The Buoys: As Fiona Blows Up, Sail Drone Tracks from Within

September 23, 2022

Incredible footage.

Yale Climate Connections:

NOAA oceanographer Greg Foltz knew it was going to be a long night last fall when he saw Hurricane Sam‘s trajectory. Glued to the National Hurricane Center data, Foltz, who works in NOAA’s Atlantic Oceanographic and Meteorological Laboratory in Miami, examined the storm’s tracking and intensity and conducted an analysis of the satellite images and data.

He needed to estimate the hurricane’s trajectory over the next 12-24 hours so he could position his instruments. He wasn’t trying to pull his costly equipment away from the hurricane’s path, though. In fact, he was doing the opposite. He wanted to position an uncrewed surface vehicle (USV) called a Saildrone right in the path of the storm. A direct hit by the ferocious Category 4 storm was just what he was looking for.

As he closely monitored the storm, Foltz sent messages to Saildrone’s “mission control” when he wanted to change the vehicle’s path. For example, if he thought the storm would veer a little further to the west, he would send the team a new waypoint to adjust it.

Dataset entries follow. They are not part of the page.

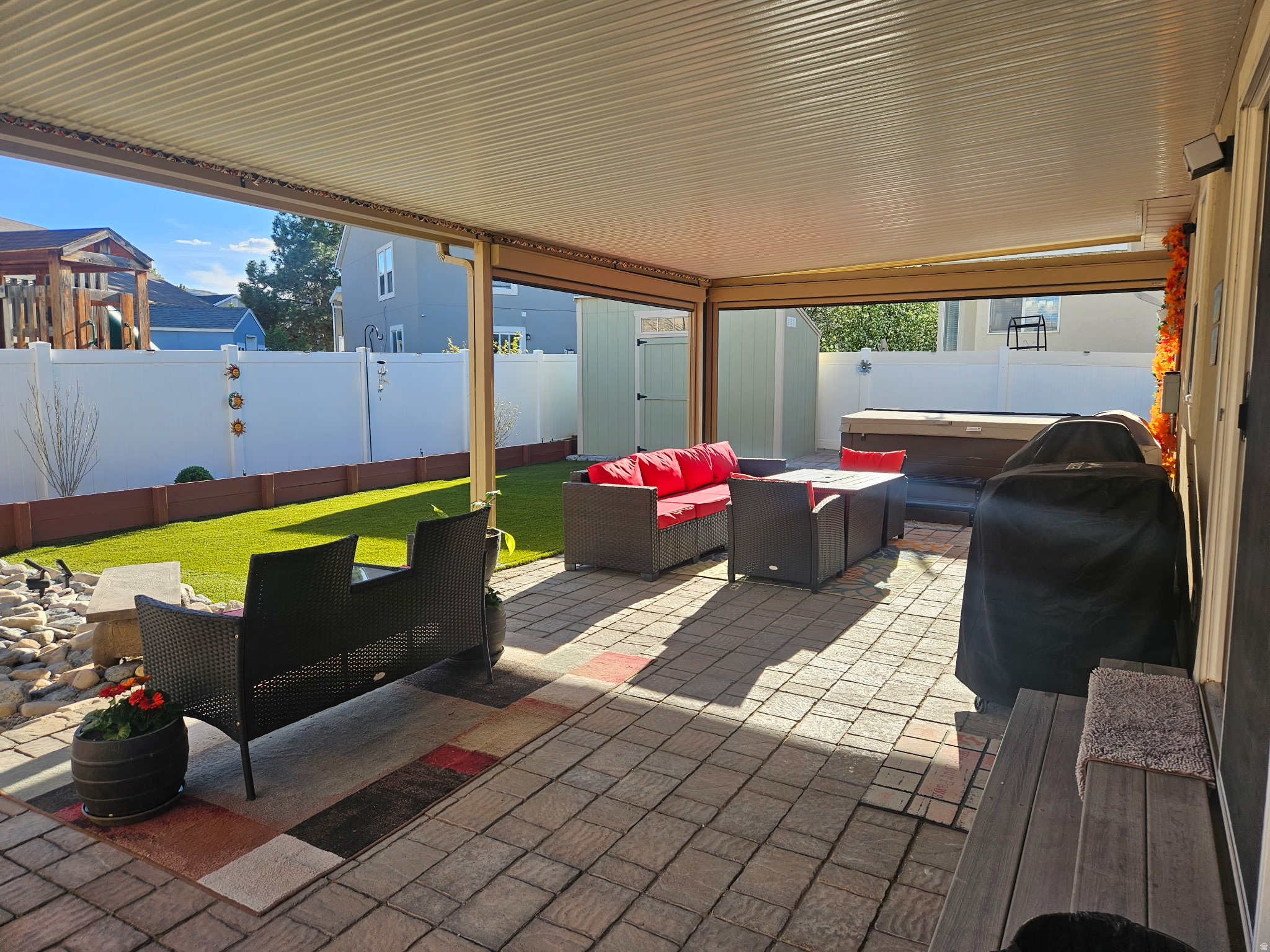 WESTERN - Residential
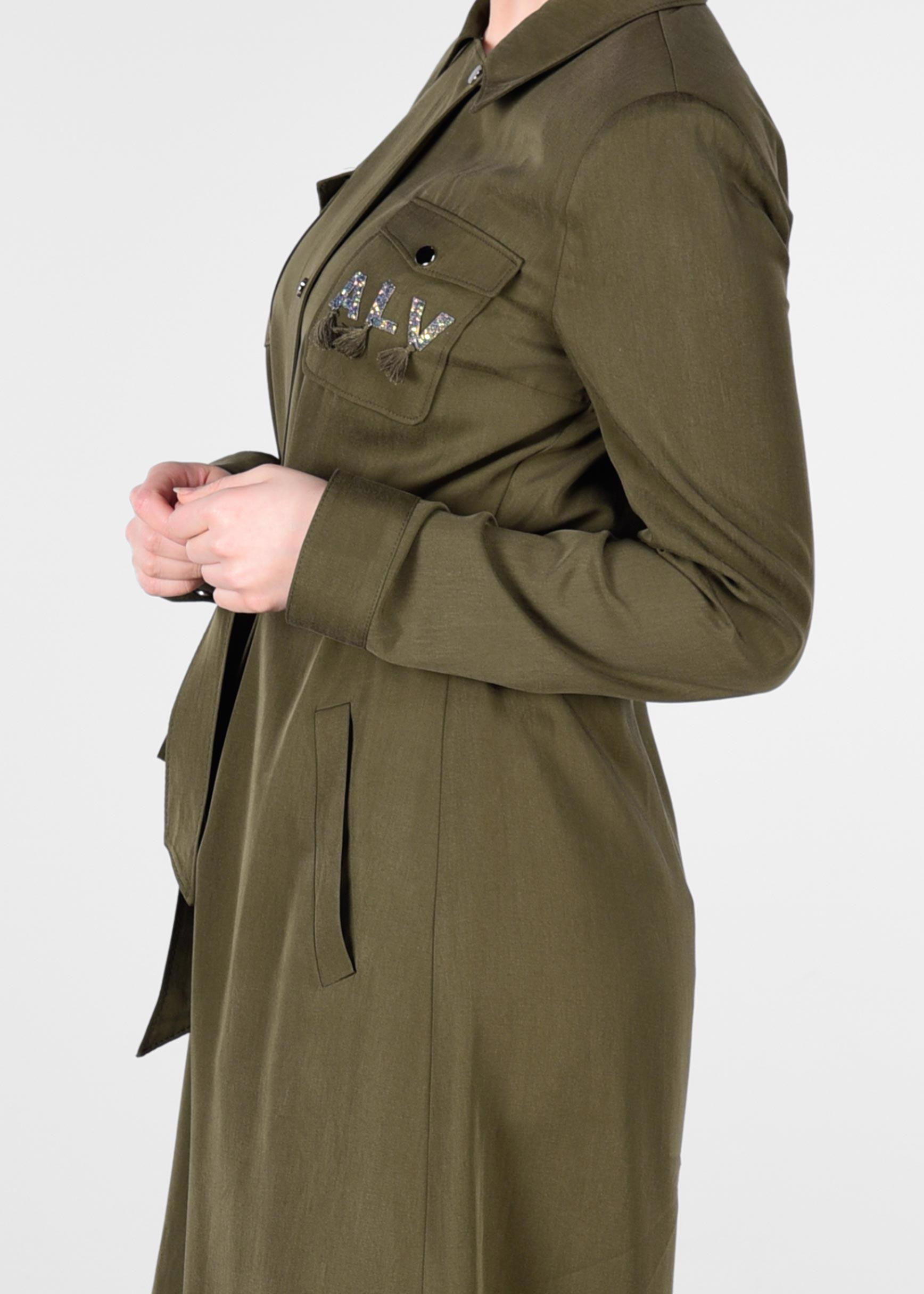 Tesettür giyim HAKİ ETEK UCU VOLANLI BELİ BÜZGÜLÜ TRENÇKOT 1201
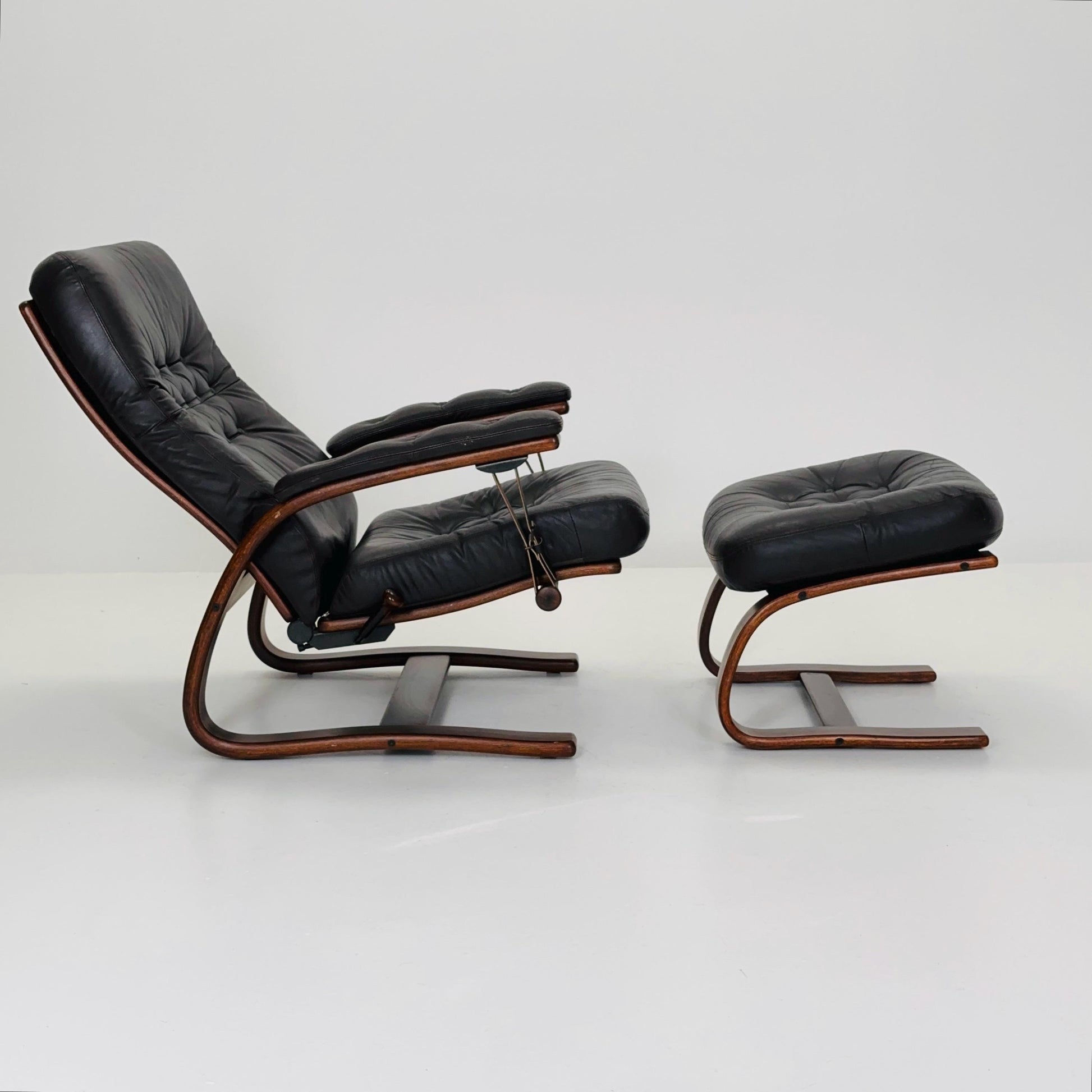 Mid-Century “Panter” Brown Leather Lounge Chair with Ottoman by Arnt Lande for Westnofa, Norway, 1970s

“It was a constant back and forth adjusting the location that we wanted the Saildrone to be in to go through the strongest part of the storm,” Foltz says. “I was directing in real time where to take the Saildrone to get it in the best spot to go through the strongest part of the hurricane, and that was exciting. I didn’t really sleep at all the night before as I was trying to get it into the right position.”

Equipped with a “hurricane wing,” the Saildrone could be remotely controlled, with scientists adjusting the sail from afar in order to steer the craft. The hurricane Saildrones differ from some of the company’s other products, which are used for projects like ocean mapping, ocean data collection, and maritime domain awareness,

“It’s that difference of a smaller, stubbier, hardier wing that we use with the hurricane drones to help improve their endurance and capability to survive during some of the very rough weather they may find themselves in during hurricane season,” says Matt Womble, Director of Ocean Data Programs for Saildrone, Inc.

As Hurricane Sam’s powerful Category 4 winds and monster waves battered the USV, the team waited and watched. Live data and video footage rolled in, allowing them a peek into the storm’s fury. After the weather calmed, they were able to steer it to Bermuda to retrieve it, mostly unscathed.

Expanding Hurricane Saildrone project this hurricane season

After last year’s successful mission, NOAA and Saildrone are expanding the project this year by adding two additional Saildrones, for a total of seven. Hurricane season runs from June to November, and this year two drones are positioned in the Gulf of Mexico and five others are in the Atlantic and Caribbean. The researchers deploy them to locations where they think there is a good chance a storm will develop. Last year, the Saildrones collected data about Hurricane Sam, in addition to four tropical storms, as well as a few weaker tropical depressions and storms.